Poe only remembers flashes of the journey back to the Resistance.
He remembers Karé voice, and what he’s pretty sure is a comm call to the General, but just when he wants to open his mouth he slips under again, too fast to even be grumpy about it.
He remembers soft fur and Chewie’s low rumbling as the Wookie checks the bandage around Poe’s leg.
But most of all he remembers Finn and Rey, soothing touches and comforting murmurs, cool hands feeling his brow and warm bodies cradling him securely.
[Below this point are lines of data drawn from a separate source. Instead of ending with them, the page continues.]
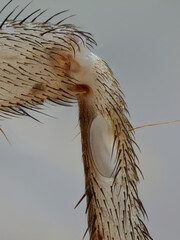 das ohr von einem heimchen heißt tympanalorgan und sitzt auf einem bein, acheta domestica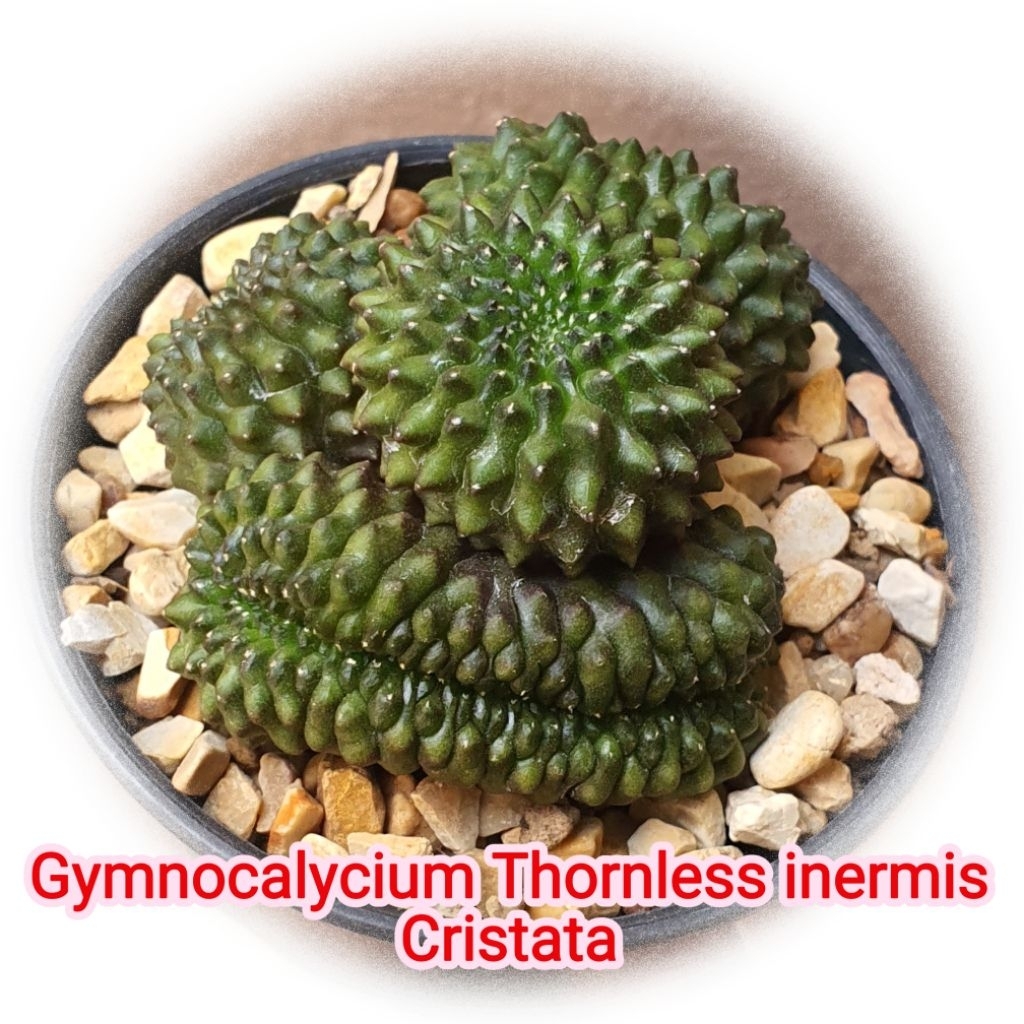 ยิมโนไร้หนาม คริส Gymnocalycium Thornless inermis Cristata แคคตัส กระบองเพชร ไม้เมล็ด ส่งทั้งกระถาง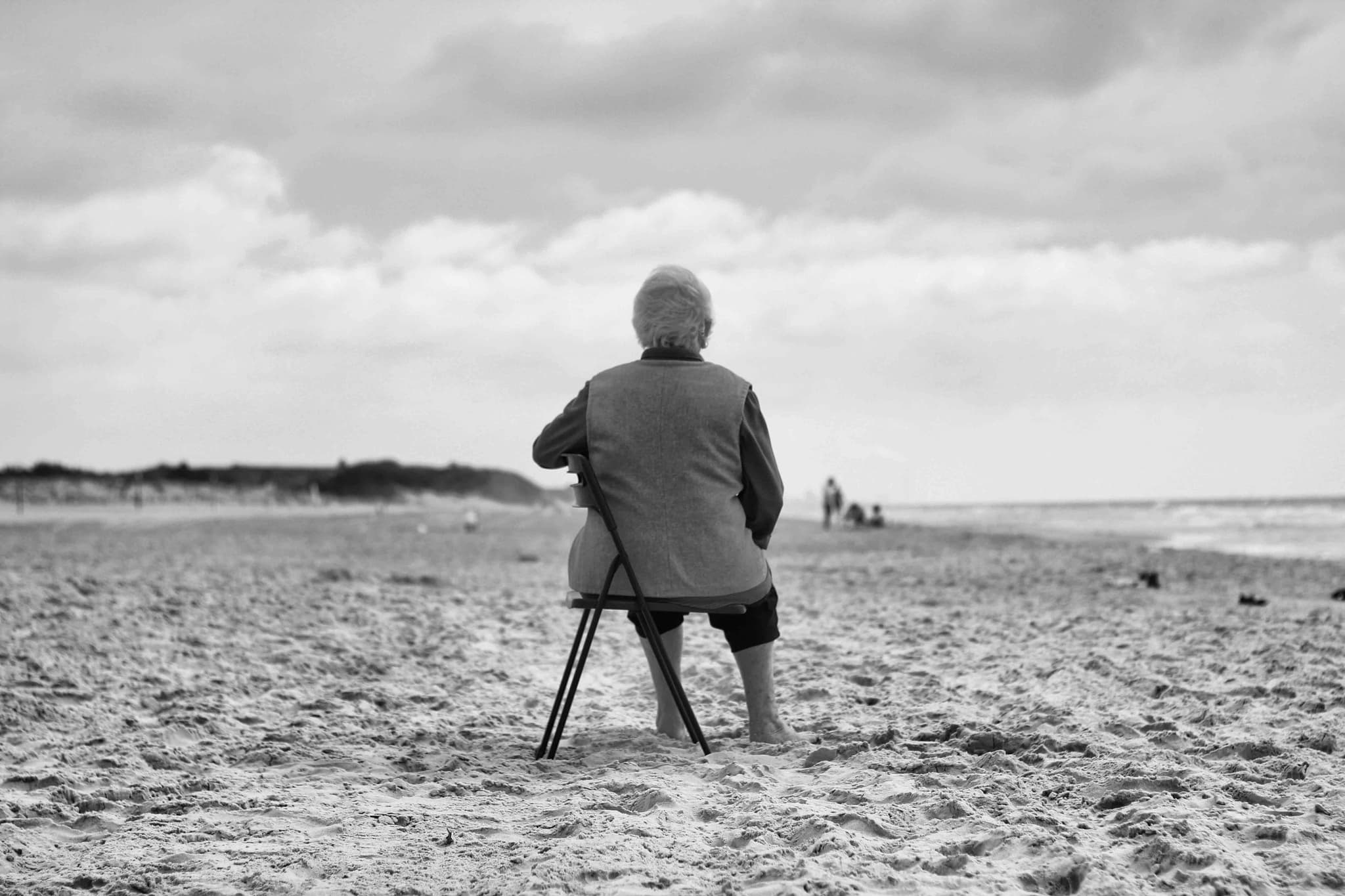 Driftwood on a lonely beach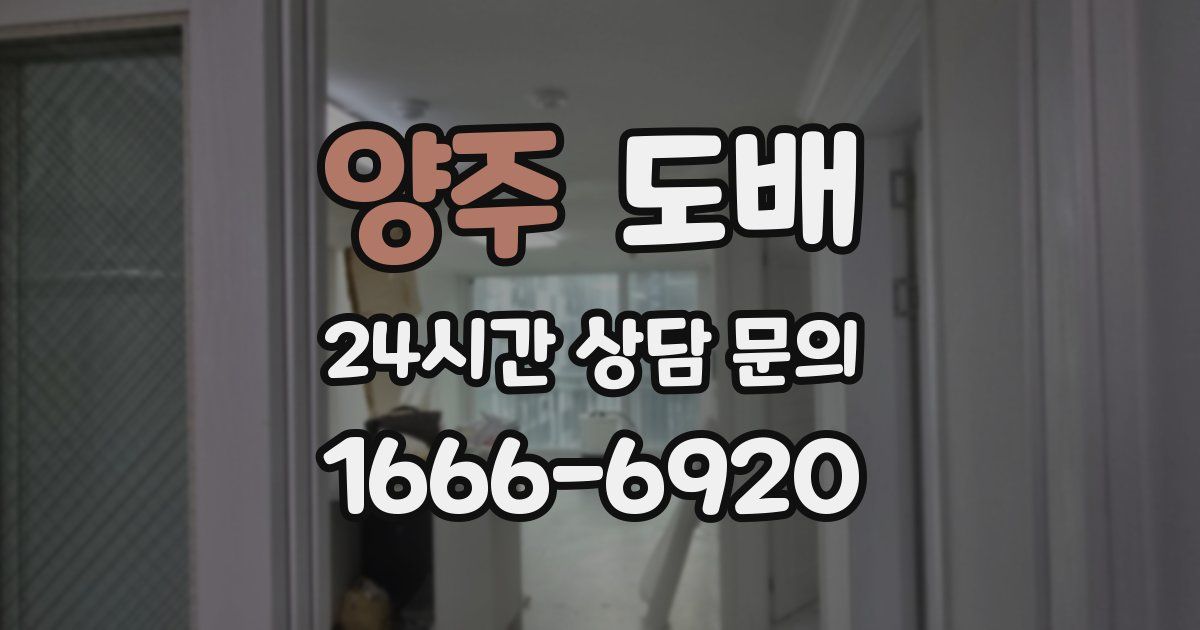 양주 도배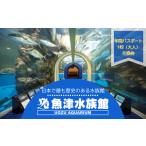 入場券 優待券 魚津水族館 入館年間パスポート引換券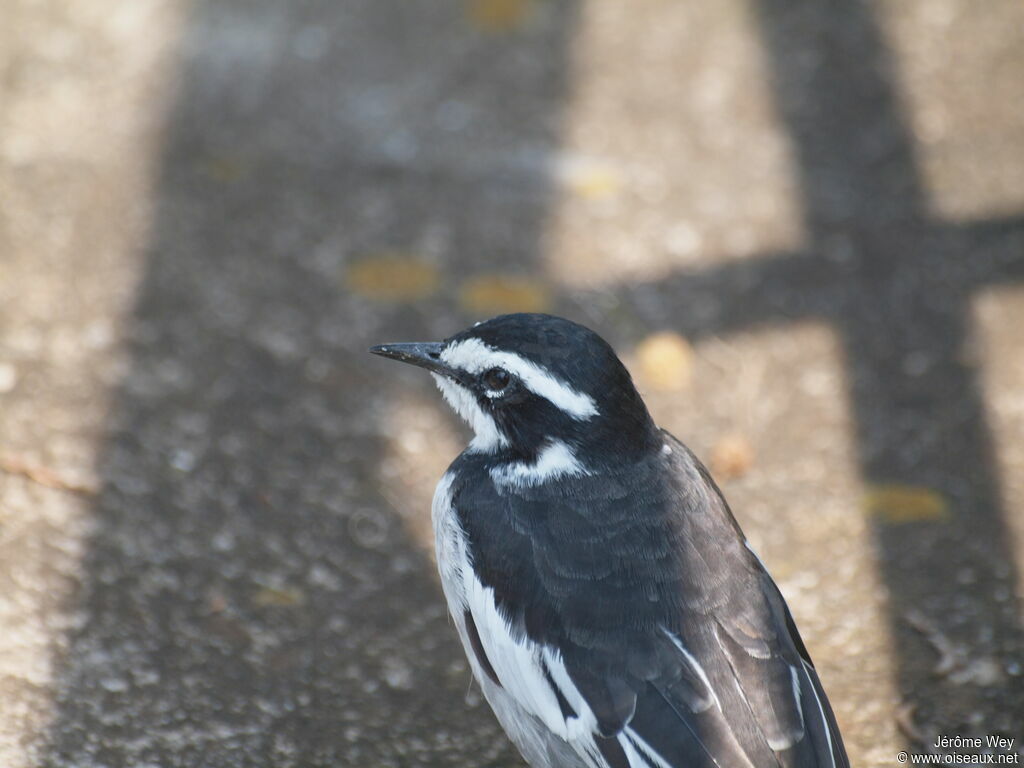 African Pied Wagtail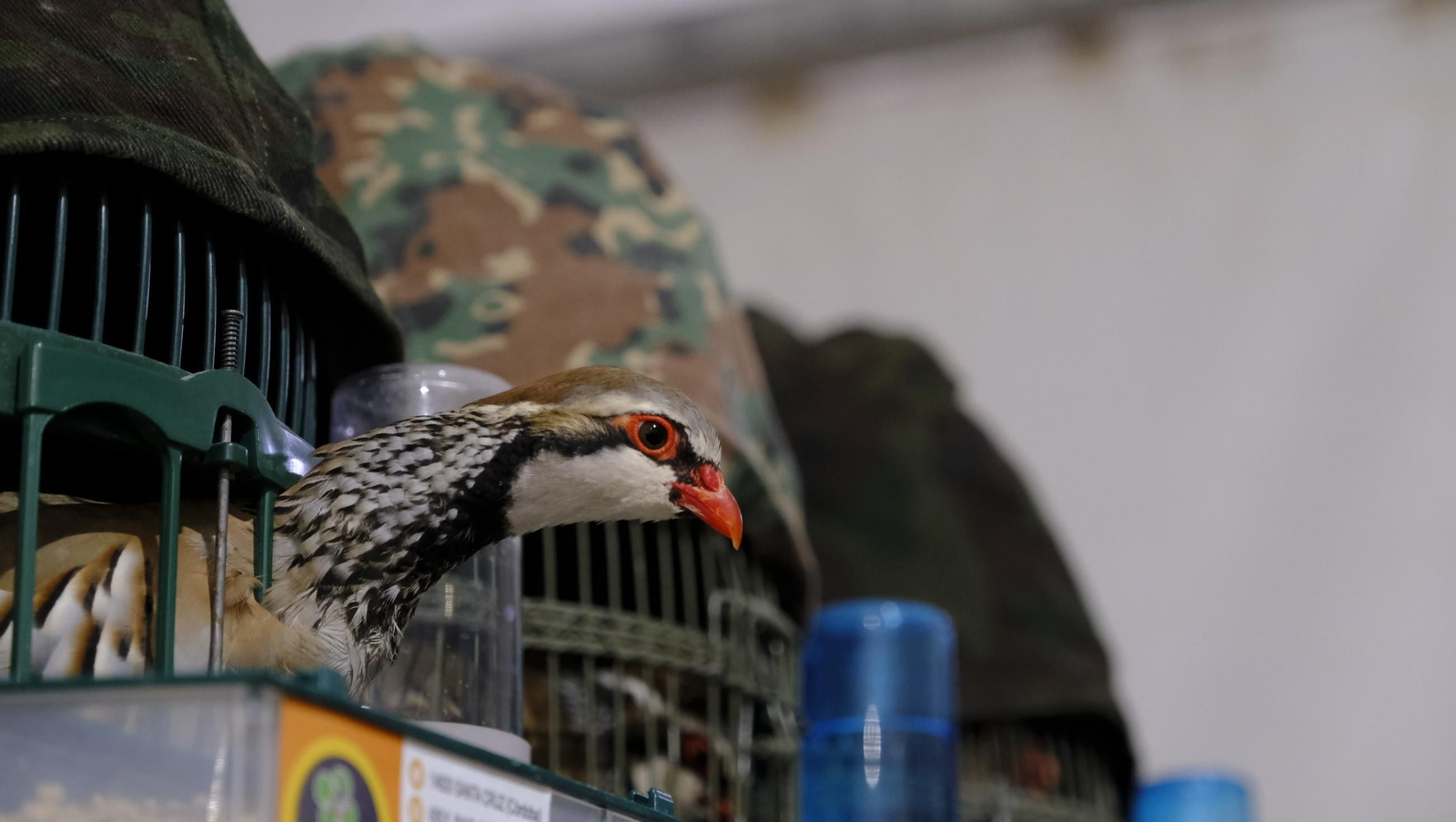 Las fotos de la Feria del Ganado y del Pájaro Perdiz en Albox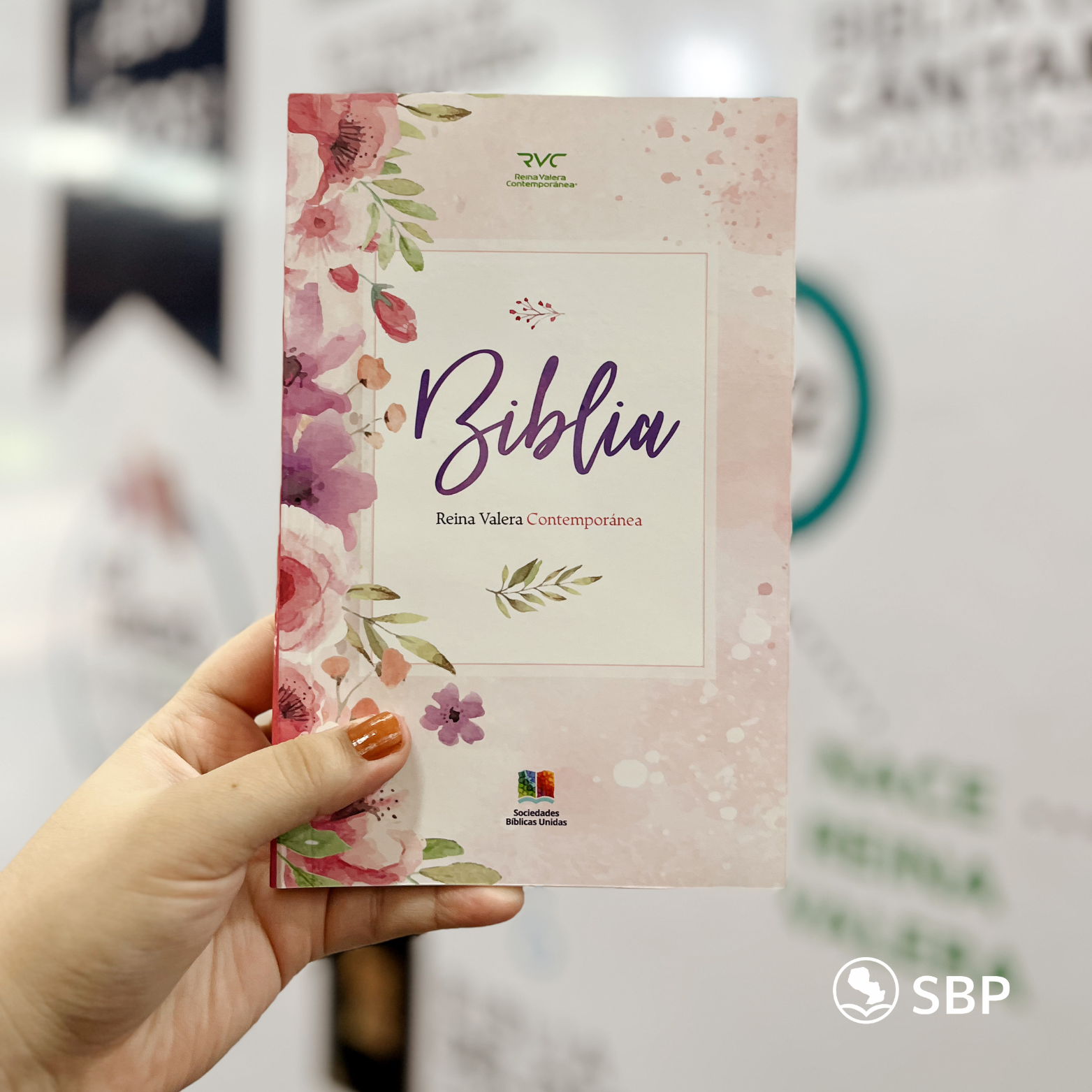 Biblia Reina Valera Contemporánea – Económica Rosa
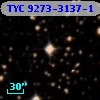 TYC 9273-3137-1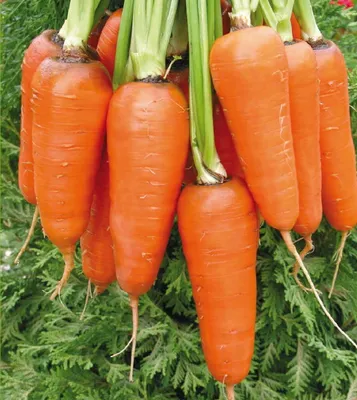 Купить Морковь молодая с доставкой по Москве и области, цена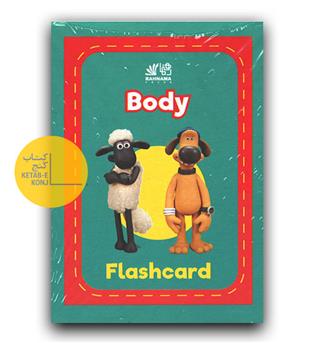 Body Flashcard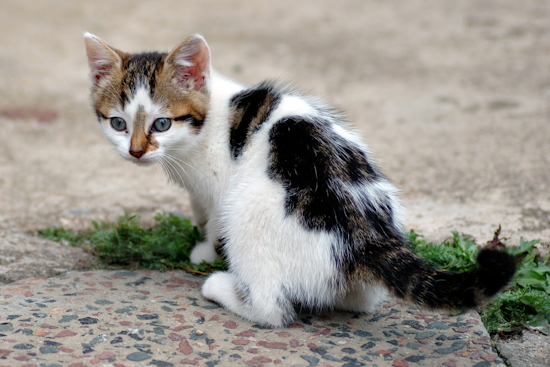 35 Cats Rescued from Hoarding Situation in Latrobe, Pennsylvania, Rescue Teams Appeal for Aid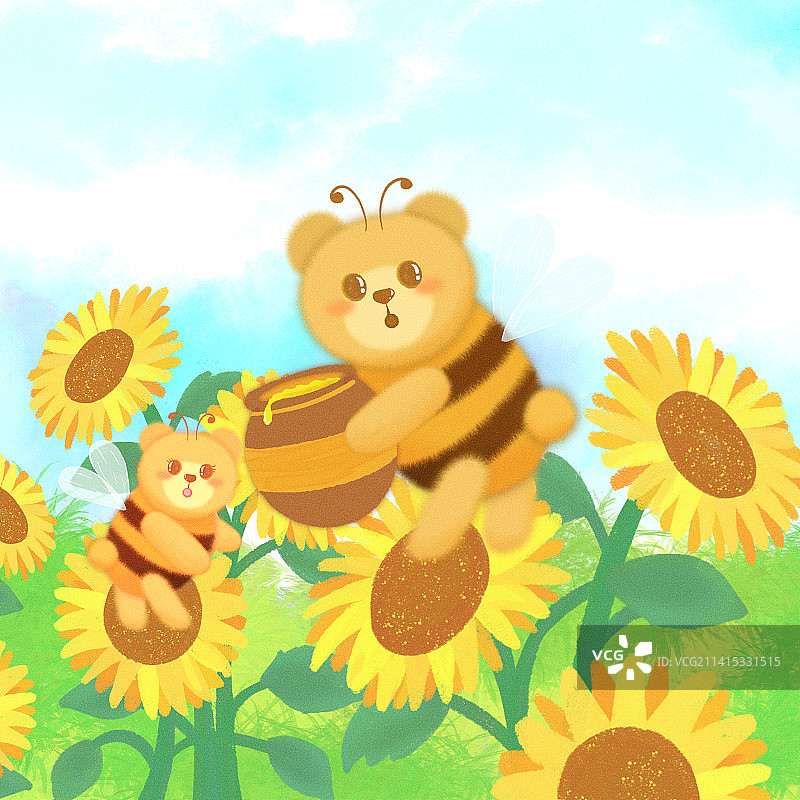 在向日葵田里采蜜的一对熊蜂图片素材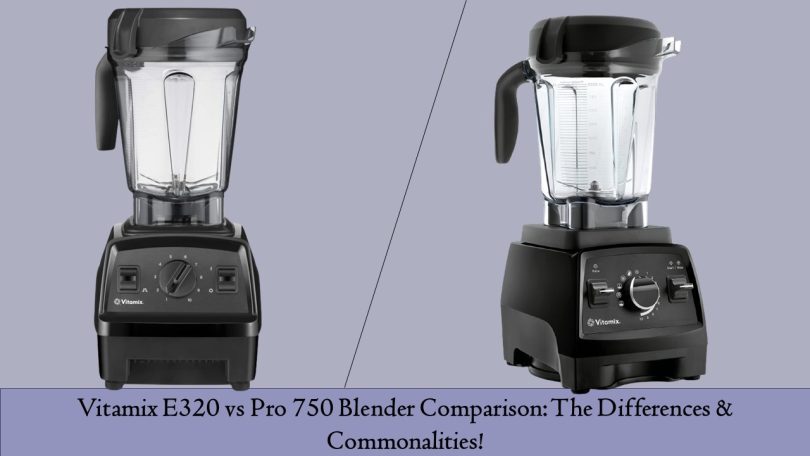 Vitamix E320 vs Pro 750 Blender Comparison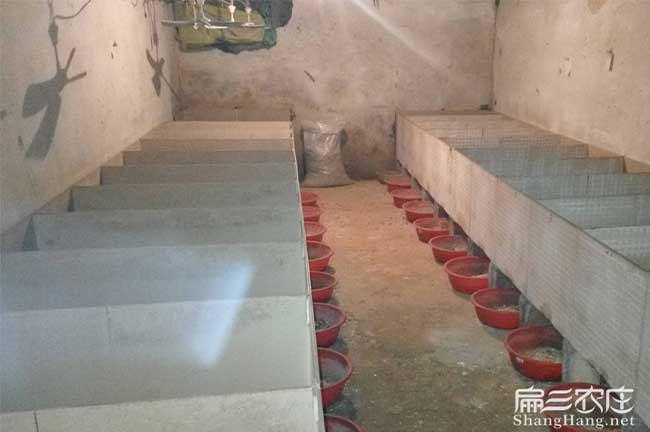 南昌竹鼠養殖場(chǎng)所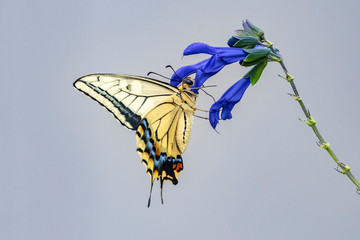 アゲハが青い花の蜜を吸う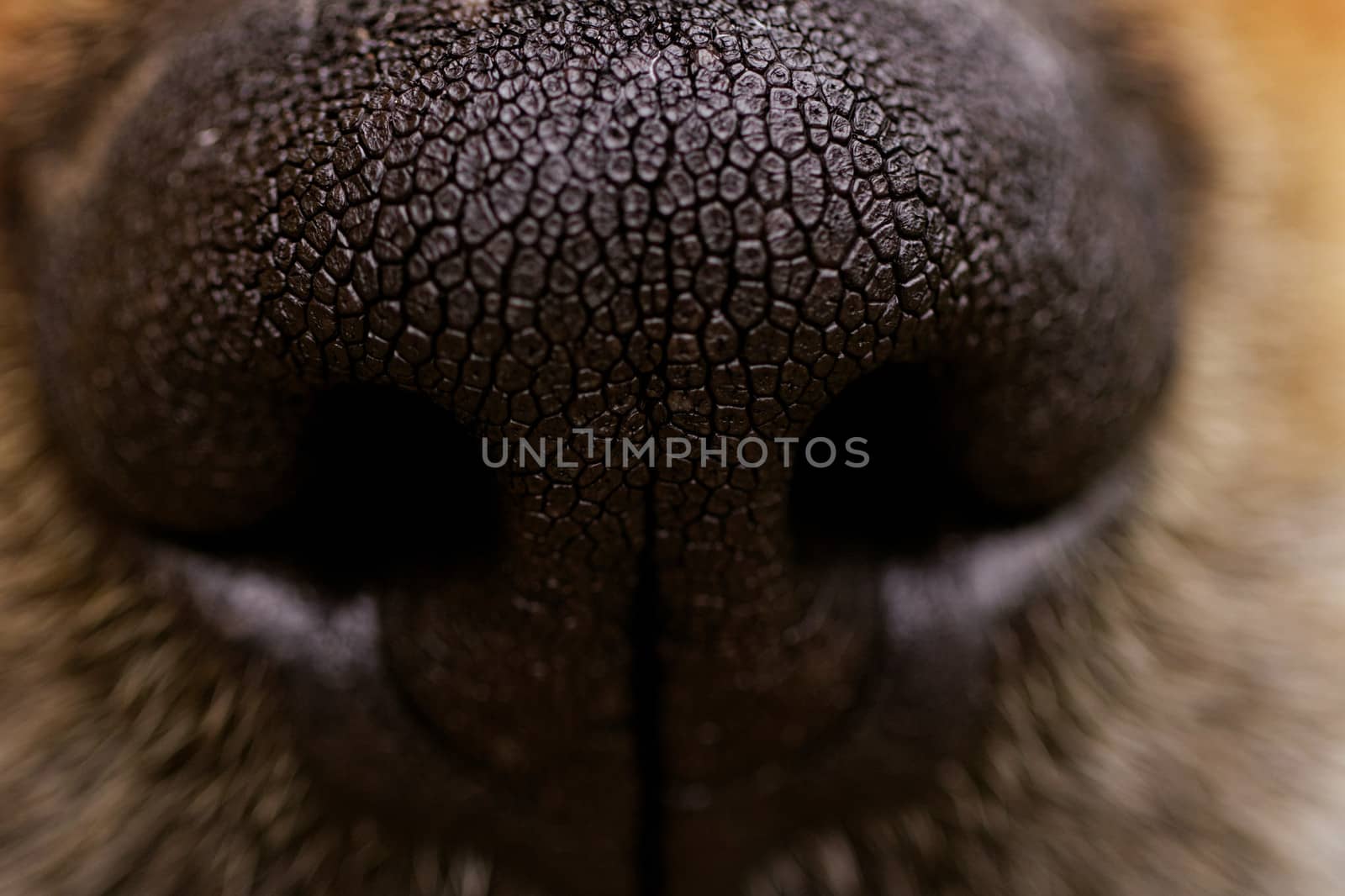 dog's nose by NagyDodo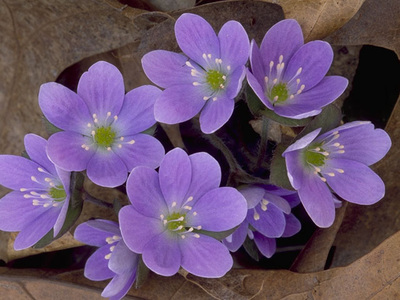 Purple Flowering Perennials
By the time the Falcon comes out of hyperspace again, Poe’s head has cleared up and he’s stopped falling asleep every few minutes. He still feels nauseous and the gash on his leg is far from healed, but at least he can walk down the Falcon’s ramp under his own steam. Well, under his own steam, with Rey hovering protectively just behind in case he trips on nothing and falls. Or something.
He doesn’t expect to see quite so many people gathered in the hangar, waiting. There are pilots and ground crew and even a large chunk of high command, all with their eyes on the Falcon, smiling and cheering when the ramp lowers to reveal Poe.
Jess and Snap are immediately apparent in their bright flight suits, both scowling in a way that promises pain in his immediate future. The ‘you worried us, you complete asshat, you better buy us lots of drinks to facilitate getting spectacularly wasted’ kind of pain, probably, and as usual his guilty conscience will make him cave to their demands pretty much immediately. Iolo is standing next to them, appearing slightly more relaxed, but all three of them look ready to hare off in their X-Wings to save their commander if the first rescue attempt failed.
It’s all ridiculously heart-warming.
The General is standing quietly off to the side, eyes sharp on the group descending the Falcon. He doesn’t particularly like to think what she would do if he got himself killed too, and he’s sworn to himself a long time ago that he would do his utmost never to put her into that position. This time, at least, he’s fine and mostly hale, and when their gazes meet he gets that small smile she only ever seems to reserve for moments like these – her people returned safely, despite all odds.
Quite a few of those moments to go around in the Resistance these days, but Poe can’t complain. He’s got a cause and people he’d die for. He's got people who’d die for him, though he prays every day that it’ll never come to that. There're his pilots. There're Finn and Rey. There's the General.